First, a confession.  It seems I am in some circumstances a bully. Unfortunately, in order to explore the phenomenon, I shall have to resort to the language of the military. Analogies will be stretched, nokias will be hurled, and it may help you if you imagine me naked on a hotel room chair, barking dictation at a Grade 7 i’ve commandeered as a typist.

My natural debating style is more than a little vicious. My opening salvo, when it’s on target, is a little like a couple of thousand rounds from a Squad Assault Weapon, seeking to do little more than keep the head of the opponent down while I target the key point he or she made. Then, if the opponent isn’t cowed, I tend to let rip with the personal arguments. Schrapnel of ad-hominem attacks fall, before I eventually decide whether to call the opponent a fascist or a communist.

It’s not a nice tactic, it’s not pretty and it’s apt to make onlookers consider me a dreadful prick. On the other hand, it’s often bloody effective. Much better that the opponent backs down early than I have to continue with the beasting.

I make the confession because, when I discovered the foible, when it was made clear to me, I began to take steps to moderate it.

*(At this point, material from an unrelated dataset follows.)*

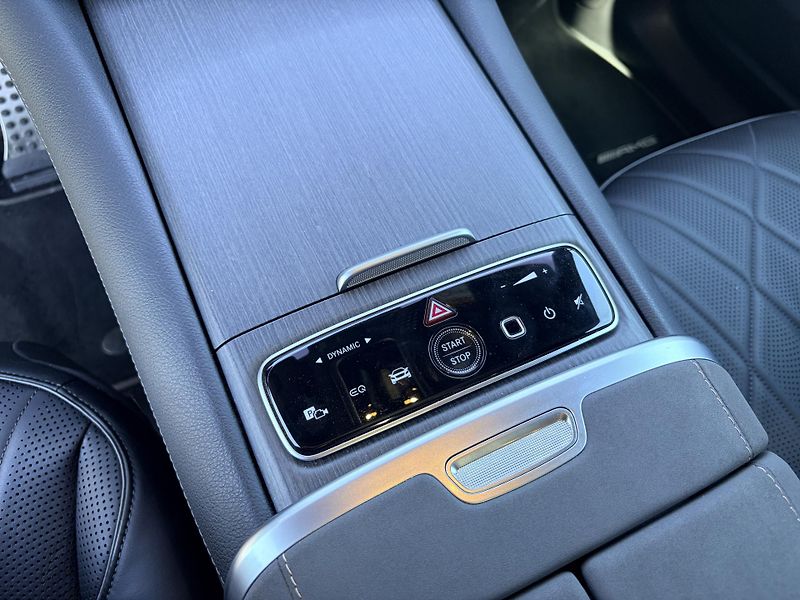 Mercedes-Benz EQS 450 AMG  - fotka 34 z 64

Admitting I had a problem was the first step to ending the negative behaviour. It was the most psychologically healthy thing I could do, and it was a tremendous wrench.

What’s happening in Downing Street today is profoundly unhealthy. Just imagine the staff in that now wretched office, knowing the boss, to whom I’m certain many feel a loyalty, could be seriously damaged if they were to speak out on their own bullying.

Yet the Labour Party and Brown’s most trusted advisers continue to pretend there’s no problem at all.  Brown is ‘a man who gets angry with himself’.  Some Ministers claim never to have heard Gordon Brown even raise his voice.  Some Labour twitterers are calling it a non-story.

This is extremely worrying; how can the party of the trades’ unions seriously argue that several people having experienced bullying from the Prime Minister so serious that other people found out about it is a non-story?  How can people who claim to work in favour of workers’ rights genuinely have more loyalty to their bully of a leader than to the benighted civil service workers who daily undergo his alleged vicious and violent outbursts?

Unless Gordon Brown admits he has a problem, he has no chance of sorting it out, and his staff, who have a right to be treated with respect, will live even more in fear of his potential for rage.